◆ Records from a collection
+ + +

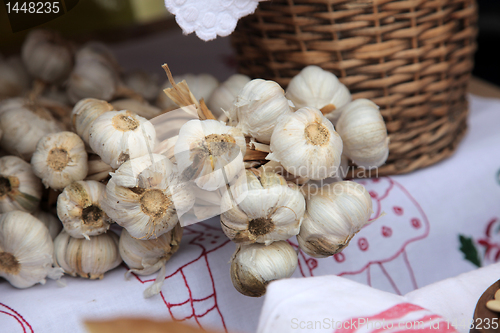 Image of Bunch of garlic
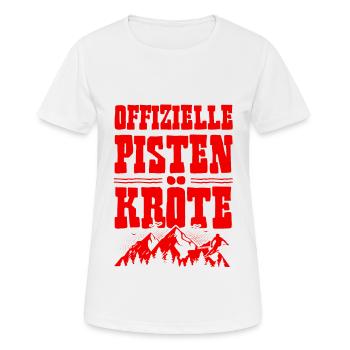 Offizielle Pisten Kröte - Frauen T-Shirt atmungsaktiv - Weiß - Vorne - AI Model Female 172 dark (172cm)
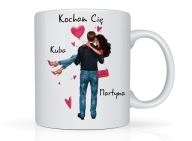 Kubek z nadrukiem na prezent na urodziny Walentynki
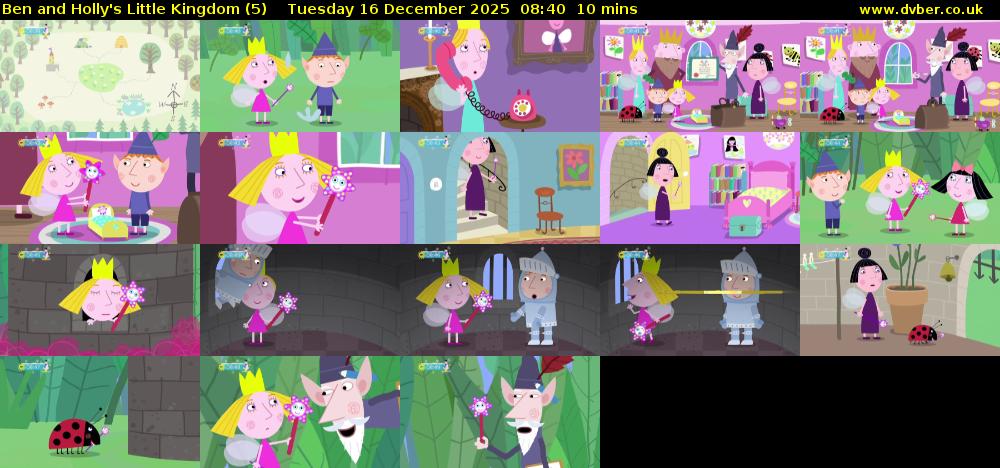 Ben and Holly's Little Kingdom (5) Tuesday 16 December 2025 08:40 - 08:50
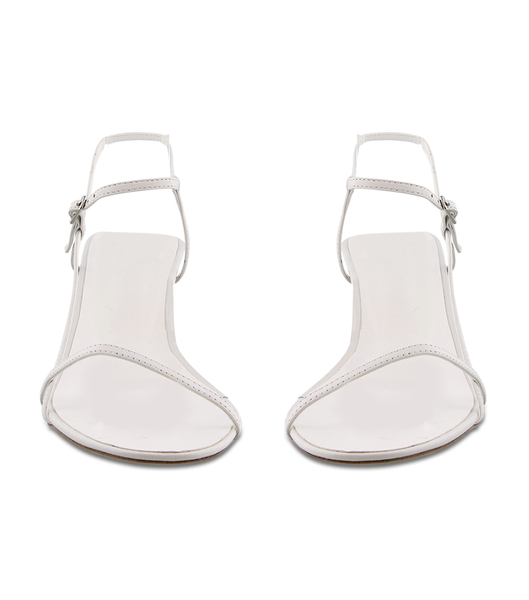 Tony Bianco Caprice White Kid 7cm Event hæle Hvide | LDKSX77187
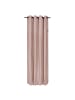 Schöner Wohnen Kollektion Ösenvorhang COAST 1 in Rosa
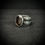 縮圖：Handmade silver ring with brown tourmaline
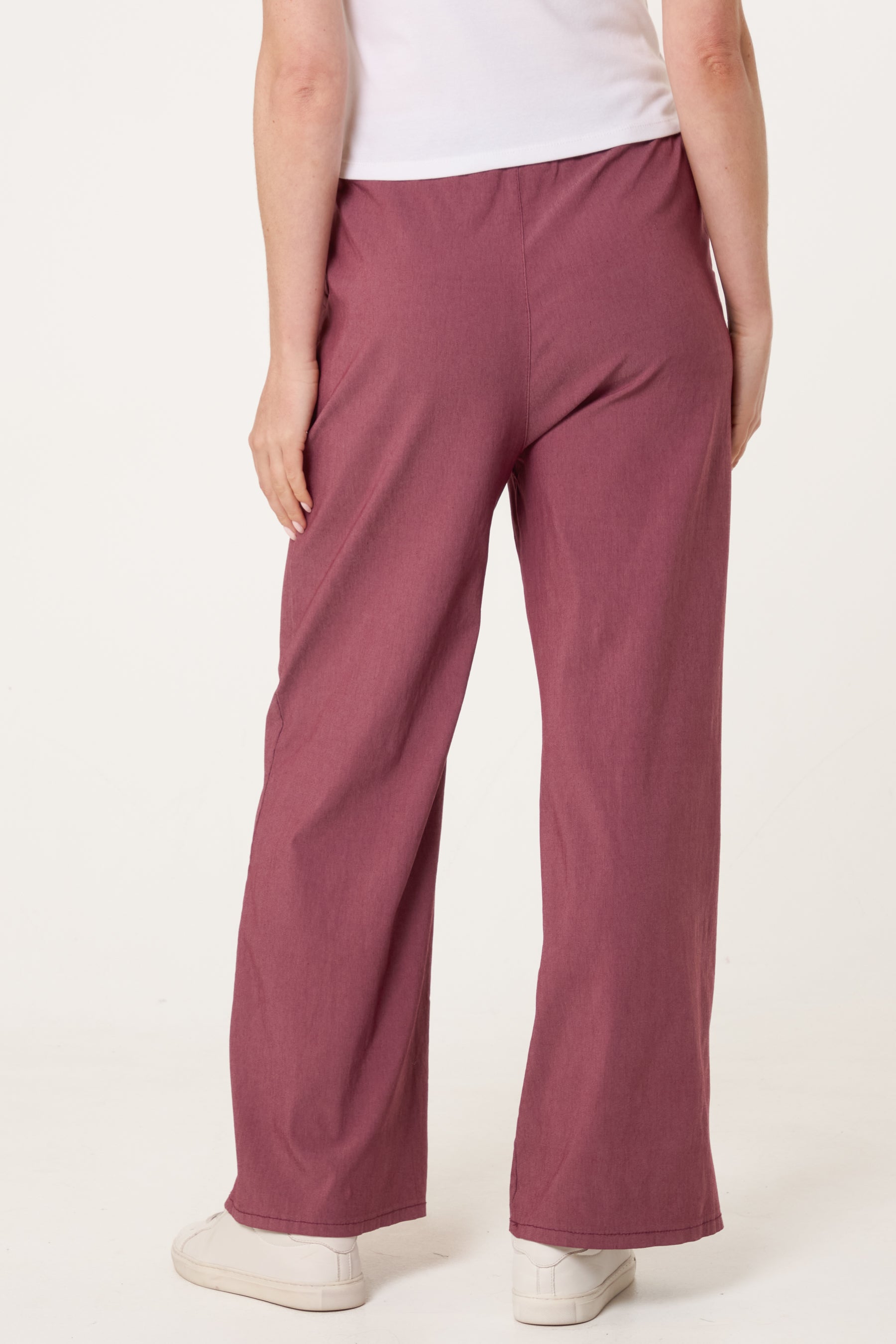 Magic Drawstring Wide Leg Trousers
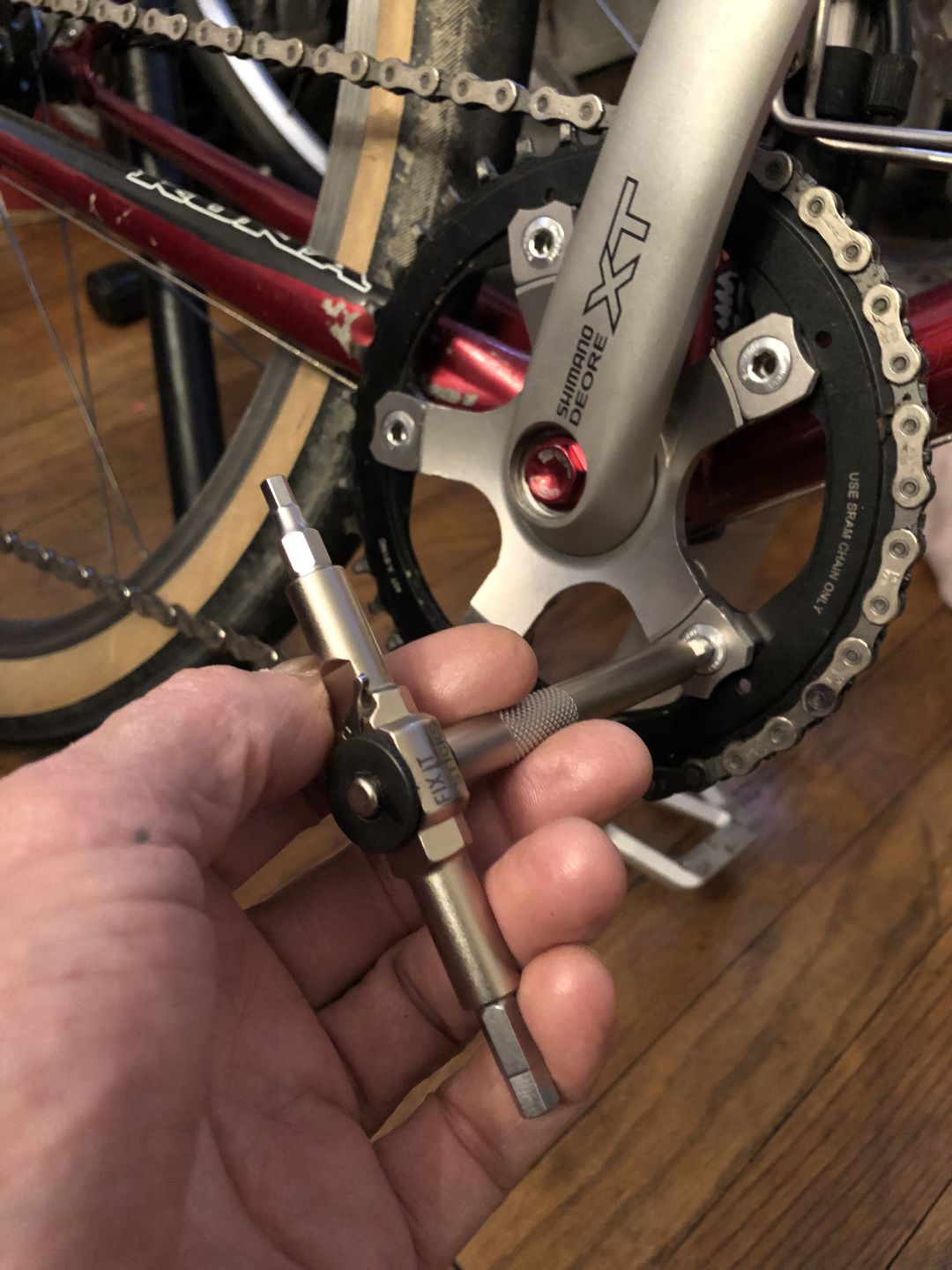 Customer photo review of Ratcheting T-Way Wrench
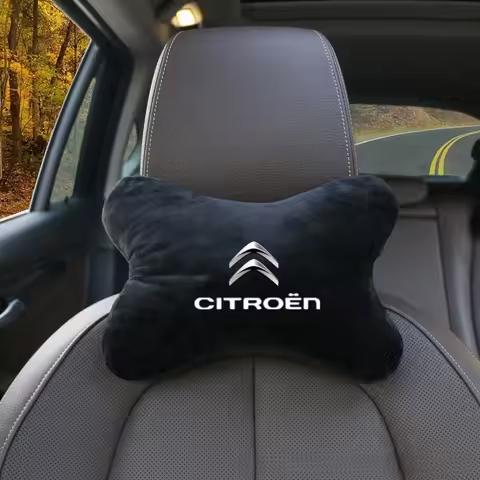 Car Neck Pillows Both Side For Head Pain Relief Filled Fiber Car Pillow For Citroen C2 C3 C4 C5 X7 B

+ + +

Go back to the entries above and restate word for word every line from the first through the one that contains "Tony Bianco Caprice", leaving the pictures behind.

◆ RESPONSE TO THIS TASK
 Image of Bunch of garlic
 Offizielle Pisten Kröte - Frauen T-Shirt atmungsaktiv - Weiß - Vorne - AI Model Female 172 dark (172cm)
 Kubek z nadrukiem na prezent na urodziny Walentynki
 Ben and Holly's Little Kingdom (5) Tuesday 16 December 2025 08:40 - 08:50
 Tony Bianco Caprice White Kid 7cm Event hæle Hvide | LDKSX77187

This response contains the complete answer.